Все-таки еще хотя бы есть двоюродная сестра Ёлочка, думал
Борис IV, погоняя свой вермахтовский «цюндап» вдоль Ленинградского проспекта.
Киска все-таки какая. Держит меня за стальное пузо нежнейшими пальчиками. В
старину, черт возьми, женились на кузинах. В старину я бы на Ёлке женился.
Сейчас нельзя. Сейчас мне больше, может быть, сестра нужна, чем жена.
Какому-нибудь дураку наша Ёлочка достанется. Вряд ли какому-нибудь
концентрированному парню, мастеру мотоспорта. Скорее всего, с каким-нибудь
болваном-филологом познакомится на абонементных концертах в консерватории.

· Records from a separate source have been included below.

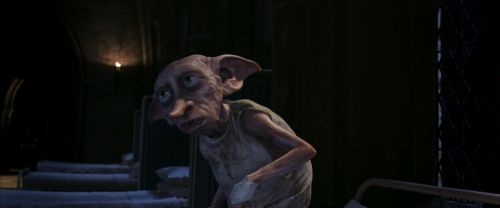 CS-Potterish_04205.jpg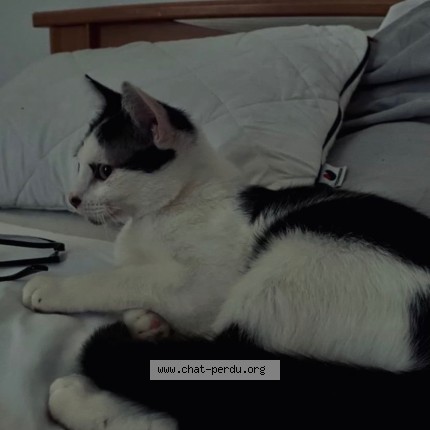 Photo of a cat found in Quinsac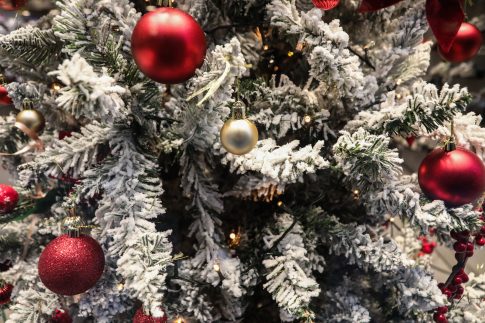 Νεκρό κοριτσάκι στο Παλαιό Φάληρο: Η μητέρα υποστήριξε ότι το παιδί ήταν άρρωστο και φοβήθηκε να το πάει στο νοσοκομείο γιατί δεν είχε άδεια παραμονής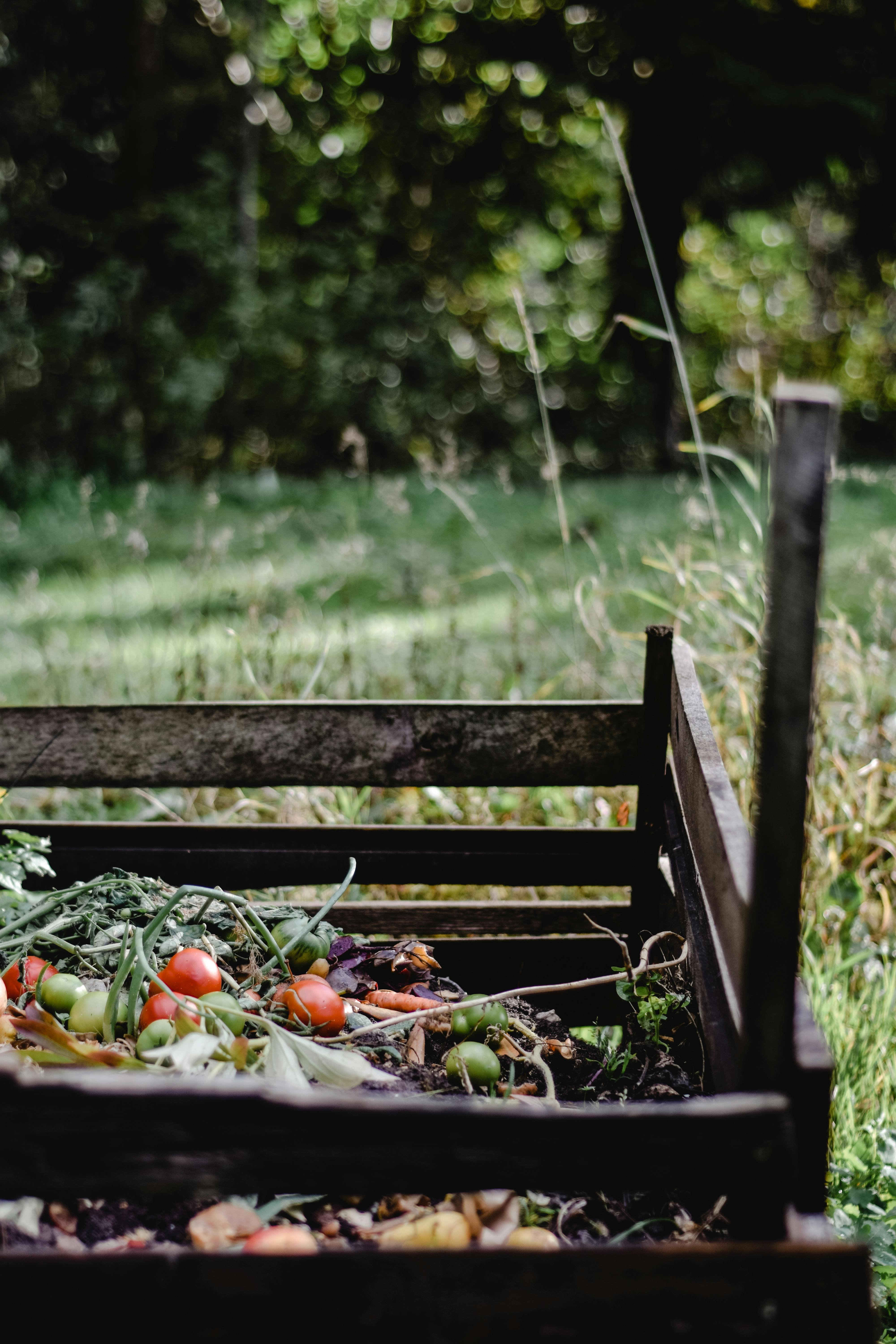 From Scraps to Soil: A Beginner’s Guide to Composting (Without the Ick)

Было уже совсем темно, когда они подъехали к даче. Ворота
были открыты: старики ждали их прибытия. Борис въехал во двор и остановился
напротив большого окна столовой, за которым видны были собравшиеся вокруг стола
остатки градовского клана: седовласый печальный патриарх, все еще прямая и
гордая бабушка Мэри, все еще молодая и красивая и донельзя стильная со своей
вечной папиросой поэтесса Нина, ну и Агаша, совсем уже как бы утратившая
понятие возраста и все хлопочущая вокруг стола в постоянном монотоне и все с
тем же репертуаром, коим мы потчевали читателей двух предыдущих томов: пирожки,
капусточка провансаль, битки по-деревенски... Кое-что новое, впрочем, появилось
в ее кружении: временами она стала застывать с блюдом в руках и с философским
выражением на лице, вытесняющим привычную лучезарную доброту. Казалось, она
задает кому-то немой вопрос: только лишь в любви ли к ближнему заключается
смысл человеческой жизни?
Не следует нам также скрывать от читателей, что после
стольких потерь в клане Градовых появилось и прибавление, то есть некоторое
расширение, если это дефинитивное существительное применимо к лысенькому и
узкоплечему, с пушистыми пиросманиевскими усами живописцу Сандро Певзнеру,
которого Агаша в телефонных разговорах со старым другом, заместителем директора
киностудии имени Горького по АХЧ товарищем Слабопетуховским, называла не иначе
как «то ли муж наш, то ли друг».
Ёлка спрыгнула с мотоцикла. Боря грубовато, как надлежит
кузену, хлопнул ее по лопаткам:
– Что-то слишком нежно обнимаетесь, мадемуазель! Где это вы
так научились?
– Дурак! – замахнулась она нотной папкой, и у него
мелькнуло вдруг нечто немотоциклетное: эх, если бы задержать, ну хоть бы
повторить это мгновение!
Тоненькая девчонка в таком легком порывистом движении, с
таким счастливым и чистым лицом. Он смотрел на нее, словно сам уже не был
юнцом, словно сам уже точно знал, что это значит – больше никогда не испытать
вот такого, как сейчас у Ёлки, очарования и ожидания жизни.